33:00Greathouse and I had rented an apartment together, and were great friends from
poverty days, so that was where I worked.
MONAHAN: Wendell Ford gave two very important speeches about the public
defender program in that early year, did either of the two of you have any
involvement with writing those?
EWALD: Didn't write them. The one he gave in the Louisville Office is the one
34:00I'm thinking about. I was there, but no, I didn't assist him in writing it in
anyway and don't know who did.
GRAFTON: And I had returned to the private practice by then.
35:00EWALD: So that's the story of the start.
GRAFTON: The Legal Aid Society kind of existed in a slum and it looked like a
slum. If you went into it, you had no confidence. The other guys were being
represented by guys in suits, in big established office. Then you went and got a
lawyer out of this kind of slum. It was just awful. Colonel Tobin immediately
arrived, so as quickly as he could, he got us into an office. Now it was not the
Taj Mahal, but it was clean, it had decent furniture, it was organized, I mean
there were places for files and stuff. So, when you went in to the public
defender you had confidence in competent counsel that really worked for you. I
always considered that a major move.
EWALD: The other thing about Legal Aid and I was on the Board of Legal Aid,
too. These were the days of the hippies and all of that, and the Legal Aid
lawyers all kind of wore plaid shirts and ties that didn't match. Tobin's boys
wore (inaudible), they wore nice suits . There was an obvious difference between
the Legal Aid lawyers, not that they were not good, it's just kind of the way
they comported themselves. The public defenders they kind of looked Ivy League
36:00and preppy.
GRAFTON: Yeah, yeah, it was the military . Colonel Tobin carried his rank right
on into it.
37:00MONAHAN: How did Dan Goyette come to be hired?

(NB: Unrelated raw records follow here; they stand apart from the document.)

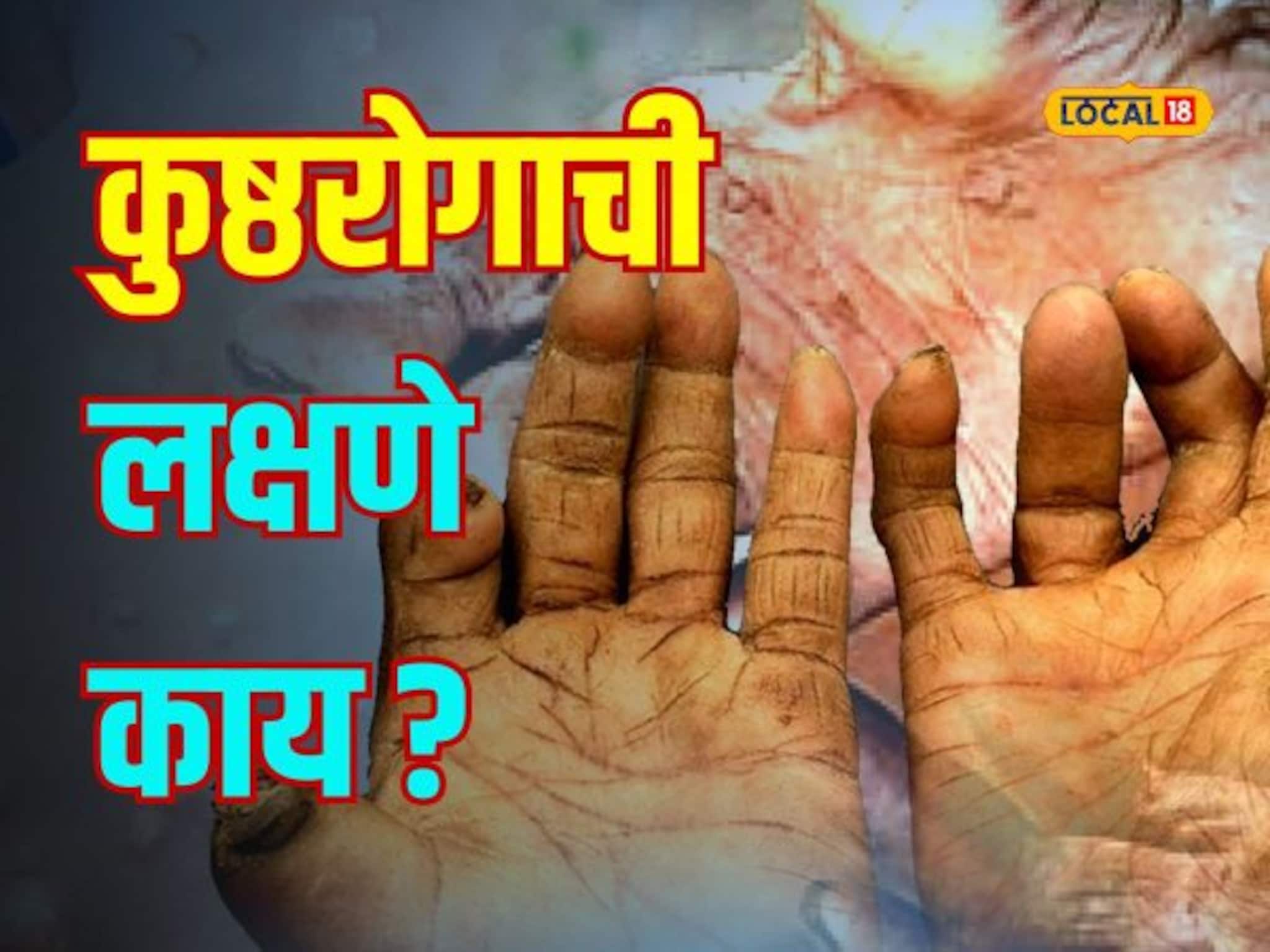 कुष्ठरोग दैवी शाप नाही, ही लक्षणे असतील तर त्वरीत डॉक्टरांना दाखवा, Video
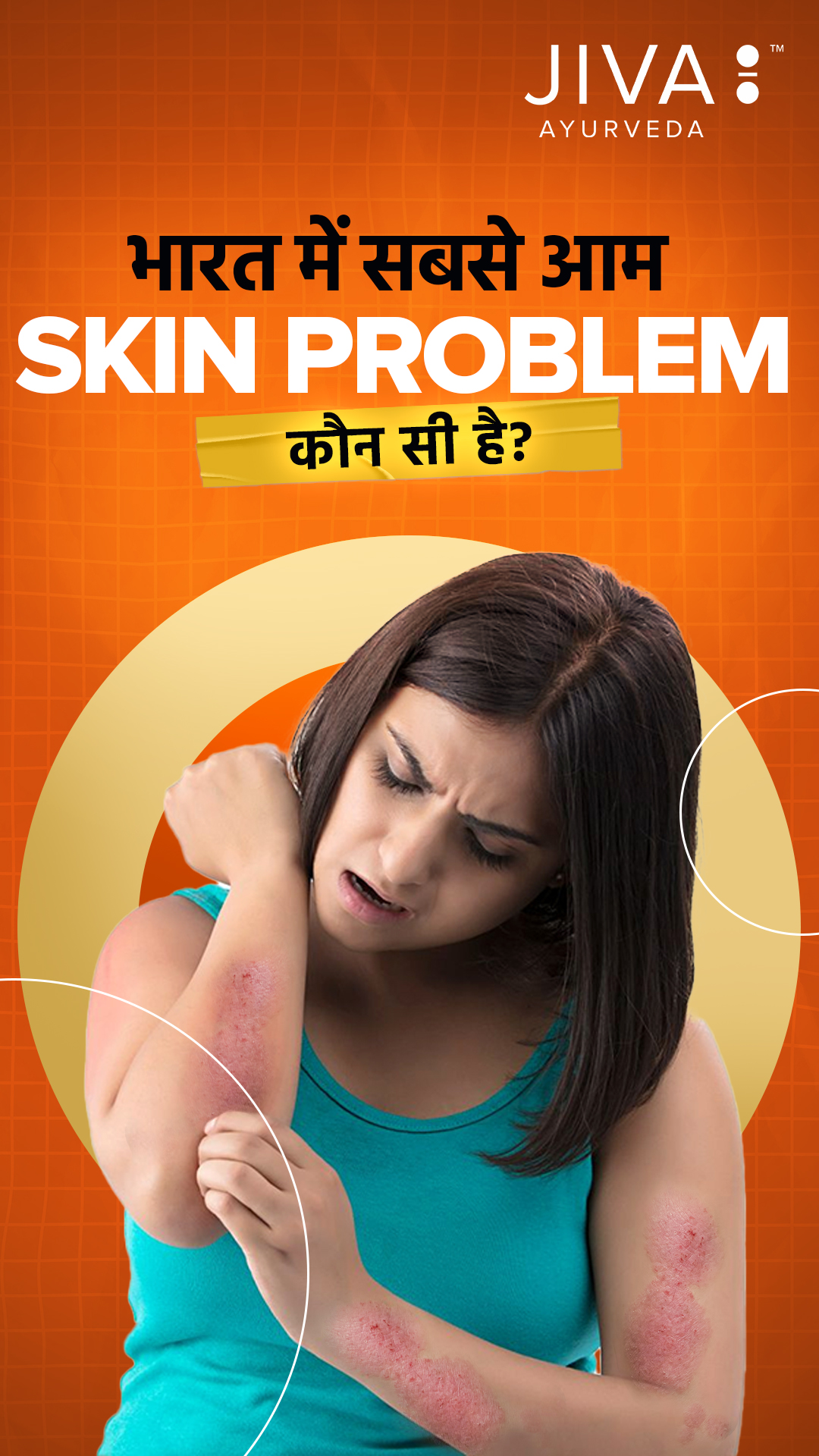 India mein sabse zyada log kis skin problem se pareshaan hain Acne Fungal infection Ya dryness Janiye is reel mein ...
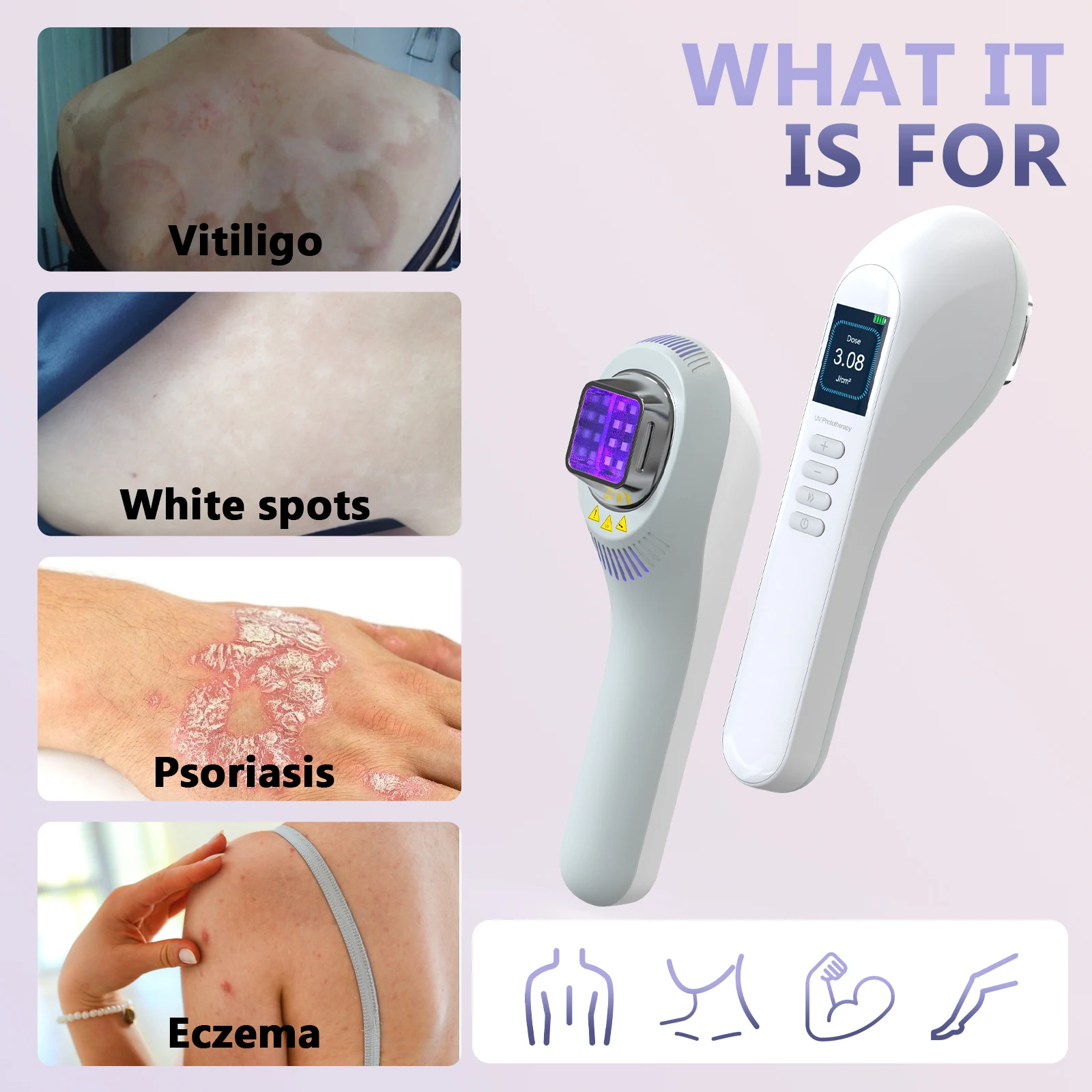 KTS Vitiligo Lamp for Home Use 308nm UVB Lamp for Vitiligo Ultraviolet Phototherapy Device Psoriasis Spots Eczema Skin Disease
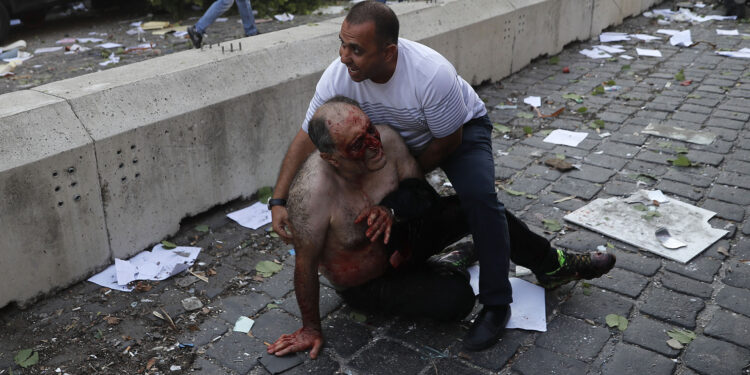 A Lebanese man helps an injured person who was wounded by an explosion that hit the seaport, in Beirut Lebanon, Tuesday, Aug. 4, 2020. (AP Photo/Hussein Malla)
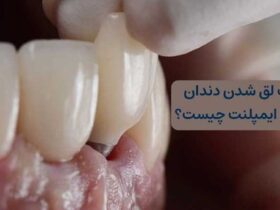 لق شدن دندان کناری ایمپلنت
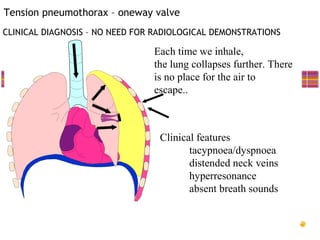 Tension pneumothorax – oneway valve
CLINICAL DIAGNOSIS – NO NEED FOR RADIOLOGICAL DEMONSTRATIONS

                                Each time we inhale,
                                the lung collapses further. There
                                is no place for the air to
                                escape..



                                 Clinical features
                                        tacypnoea/dyspnoea
                                        distended neck veins
                                        hyperresonance
                                        absent breath sounds
 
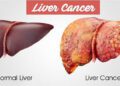 শারীরিক কিছু পরিবর্তনে বুঝা যাবে লিভার ক্যান্সারের উপস্থিতি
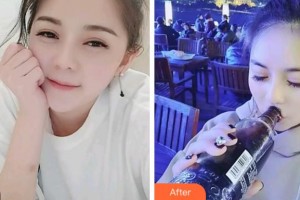 杭州愛琴海醫(yī)療美容醫(yī)院陸敏整形價(jià)格表附冷光美白案例展示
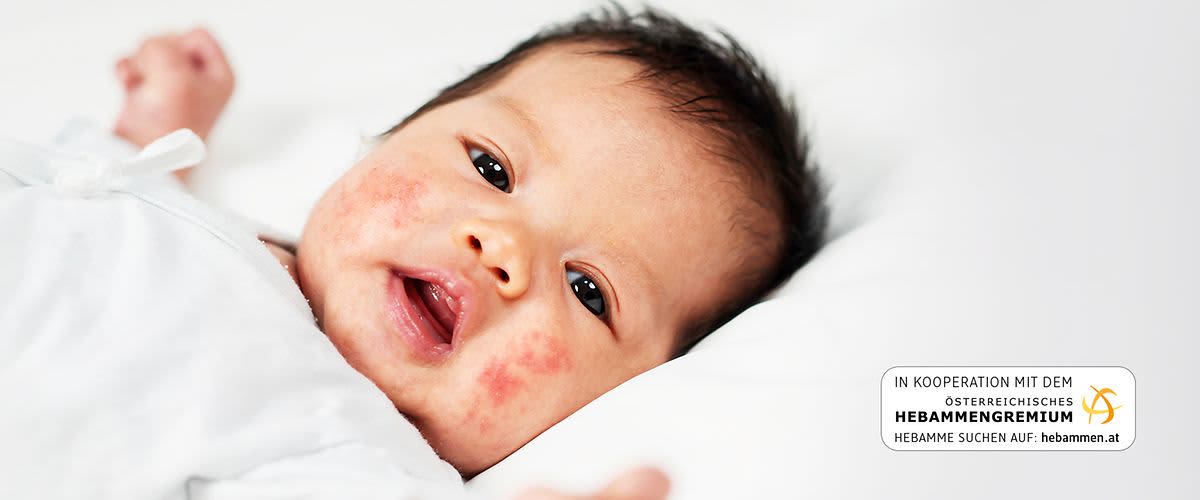Baby mit roten Flecken im Gesicht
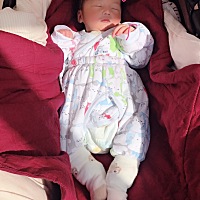 小宝贝左眼睛老是流眼泪 黄色的 你们家宝宝有没有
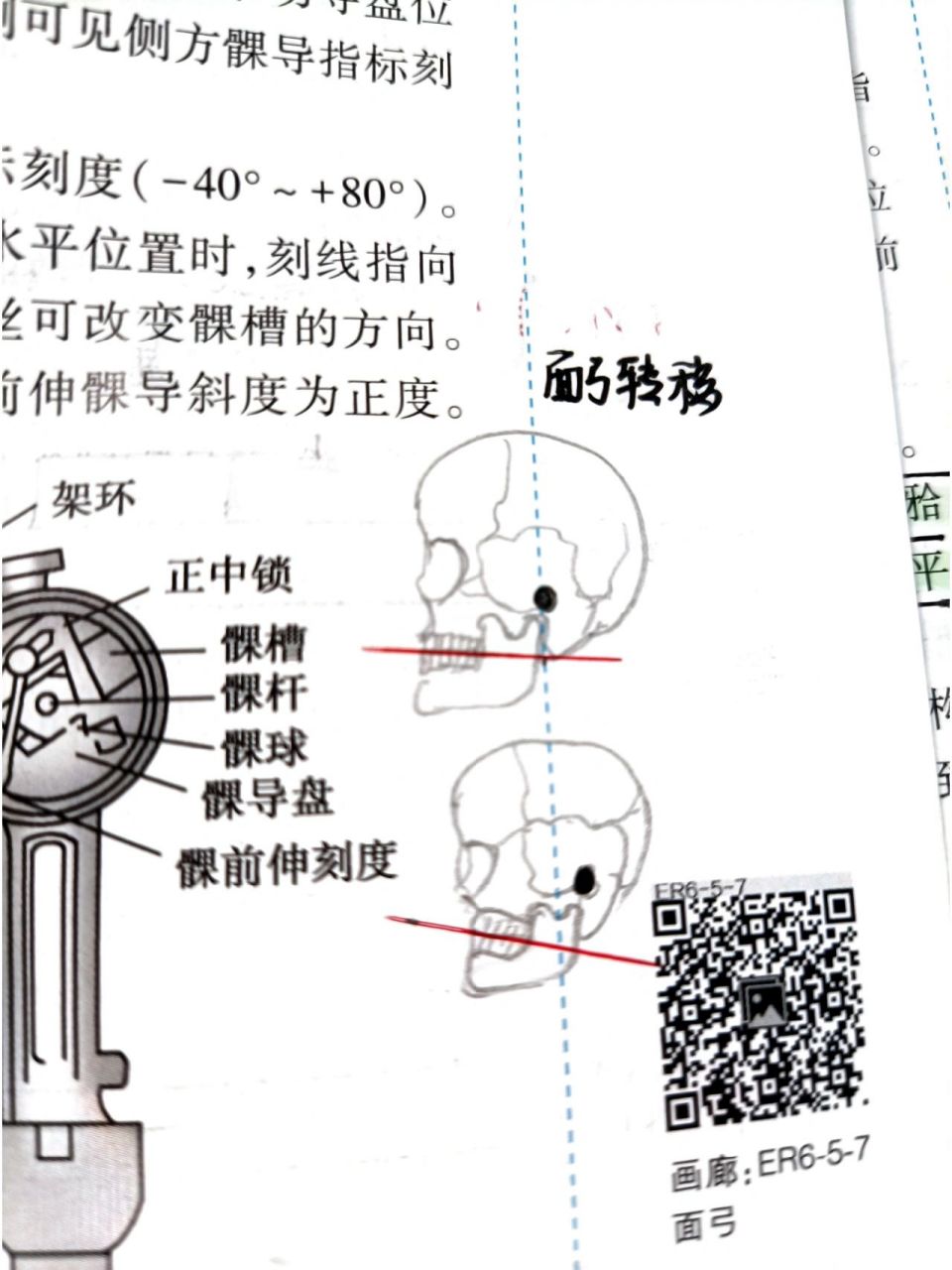 终于明白髁导斜度,切道斜度了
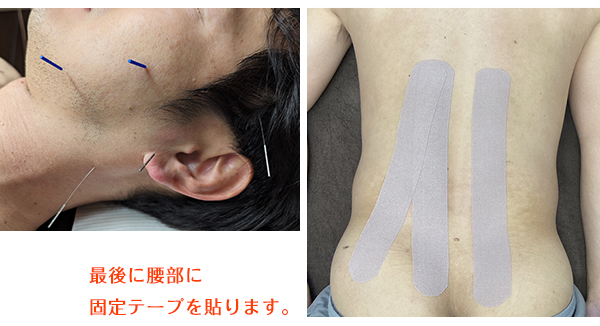 腰痛治療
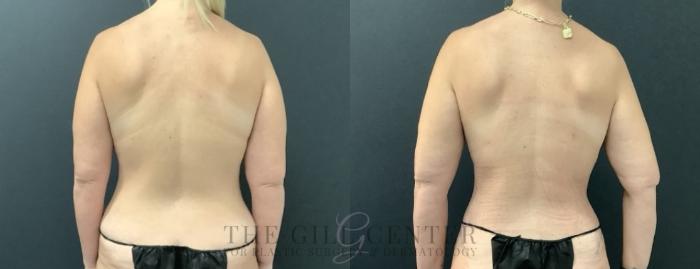 Liposuction Case 743 Before & After Back | The Woodlands, TX | The Gill Center for Plastic Surgery and Dermatology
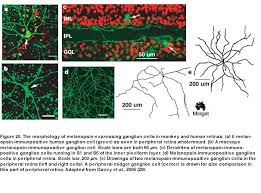 Image result for Eye Rest Green 1972 Hussmann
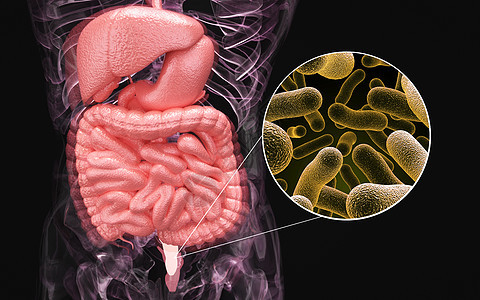 人体肠道感染图片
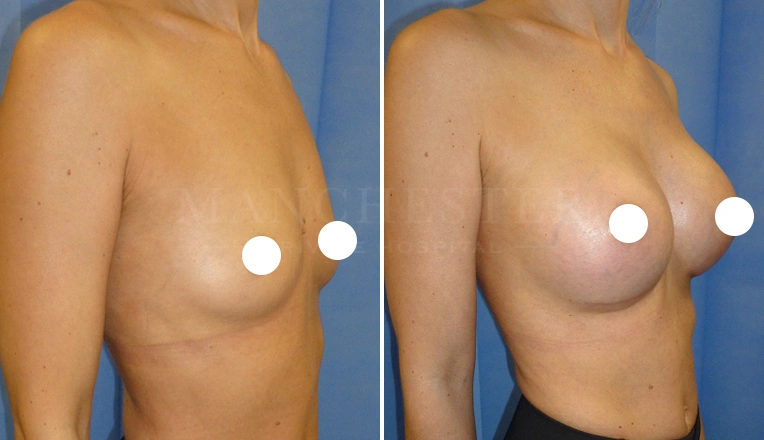 breast augmentation before and after result - patient 2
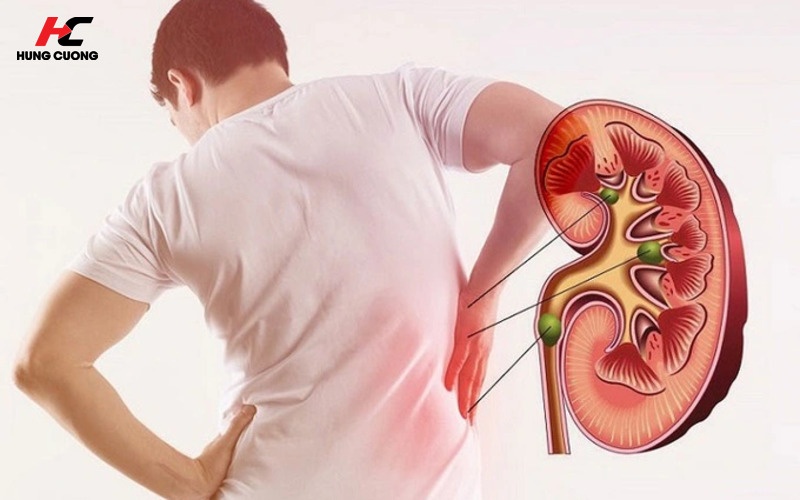 Suy giảm chức năng thận đối với bệnh nhân tiểu đường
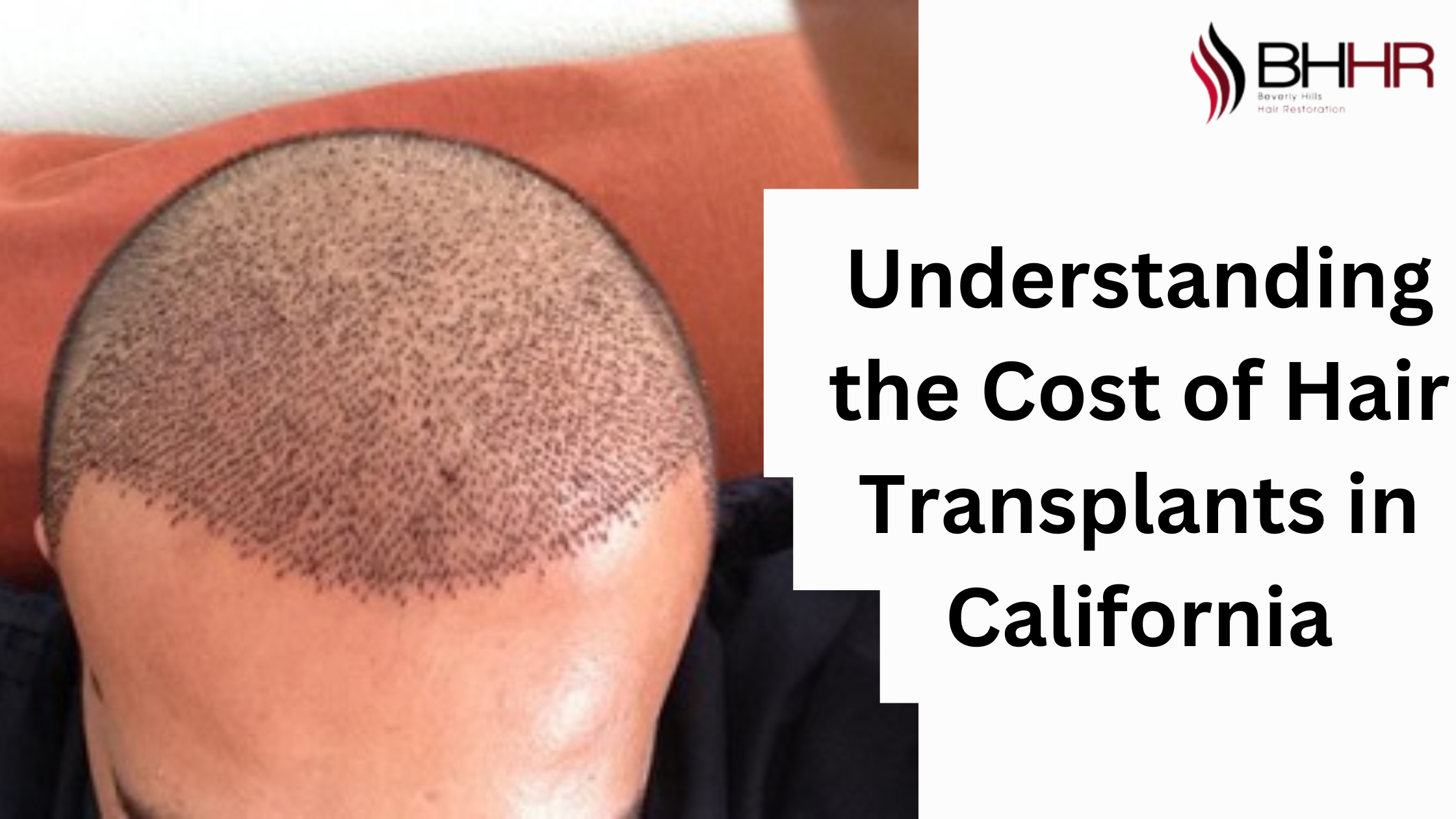 Understanding the Cost of Hair Transplants in California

38:00EWALD: Dan Goyette started out in the program and Paul Tobin hired him as just
one of the staff lawyers. Then, I always kid Dan because Dan went to the "dark
side" for a while. He went over and worked for the Commonwealth Attorney for a
couple years and then Paul hired him back. At this point Paul realized that he
was looking toward his retirement. Paul hired Dan back and groomed Dan to take
over. Two years before Paul retired, he and I talked about his retirement, and
39:00he said, look I think Dan Goyette is the guy. So Paul brought Dan along with the
idea that Dan was going to take over the job and Paul pretty much set that. We
were happy to go along with it because Dan looked like a good, sharp, bright
young guy to us. Of course he was and he's done everything that we hoped he
would do. There's not much to that story because that's Paul's doing and the
Board was happy to go along with him on that. So that is the story of how we got
started. Now as we continued we came off of the grant, we had two years of
funding from this federal program. Then of course at the end of two years we had
to start getting our money from the state program. When we wrote that statue and
formed the public defender corporation, we did get some money from Jefferson
County originally. The City of Louisville had promised us money and they never
gave us any. I was mad at that guy. Frank Burke was Mayor then and I was mad at
his assistant who promised this money and then he never came through with us.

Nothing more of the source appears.